Today, 50 newspaper CEOs are huddling at the American Press Institute in Reston, VA, to figure out how to salvage their industry.

On the one hand, their own newspapers are reporting on what numbskulls those automotive CEOs are and how they got us into this bind we're all collectively in--and even in some cases, how those recklessly mismanaging bums should be tossed out so that bailout money doesn't go to waste. And on the other hand, they can't seem to realize that, in looking at that story, they're staring into their own.

There isn't a single person out there who believes the car manufacturers will find their way into the future without it being dictated to them from clearer-thinking folks. So why, I ask you, why does the news business think that the executives who exhibited the very same behavior as those car executives--who clung to the old ways of doing things when it was clear those old ways had no future--will be the ones to now figure out the future?

You know who should be in that meeting? The people who've been working on the future, who've figured out how to do journalism in the new world. Why didn't they invite the head honchos from Talking Points Memo, Politico, Nerve & Babble, TechCrunch, GigaOm, Yahoo! News, TreeHugger and Huffington Post? Granted, not all of these are "news" sites in the traditional "newspaper" sense of the word. But they are all sites that report news--and are doing so profitably. So maybe they know a thing or two about how to make things work in this new environment we're in.

Albert Einstein once said something to the effect of: "You can't solve a problem with the same thinking that got you into it." So why, could someone please explain to me, does the news industry think it can?

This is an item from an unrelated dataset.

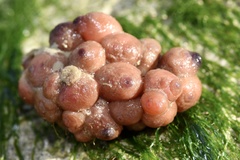 Dendrodoa grossularia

Note: For a lively conversation on this topic, visit Jeff Jarvis' BuzzMachine.

PS: Upon further research, I think this is worse than I thought. According to a note on the API website itself, this is a meeting about how to "turn around" the news industry, and it's being led by a management professor and turnaround guru. Now, I'm not an expert in these things, but don't turnarounds only work when a company is underperforming within an otherwise healthy industry? I just don't see how they can do much good when it's the industry itself that is problematic. In that situation, you need innovation, not turnarounds, no?

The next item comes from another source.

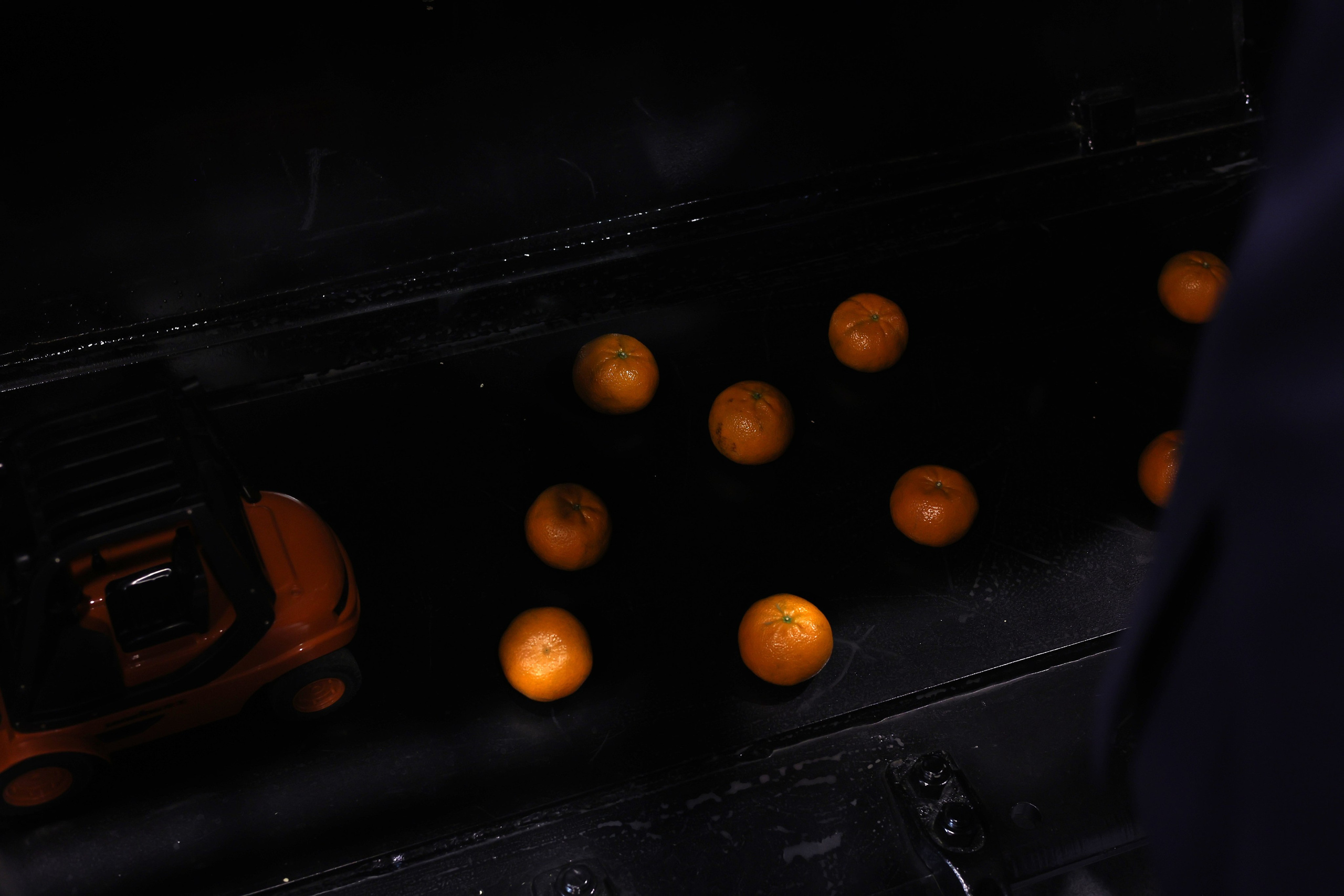 ЭКСПО. Mintonov's Film Studio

Photo courtesy of clagnut. Creative Commons license.

Wednesday, November 12, 2008

NYT "If You Were President" game: An assessment

The New York Times has created this cool "If You Were President" tool where you can vote on who you should think Obama should appoint to various cabinet posts.

What's "future of news"-y about it:

-- It's fun. The news doesn't have to be serious. Yes, choosing cabinet secretaries is serious business. And most of the players appear to be making serious choices. (Daffy Duck has yet to make it into the rankings.) But anything a reader can play with is fun. And fun is good--for building brand loyalty and generating return visits.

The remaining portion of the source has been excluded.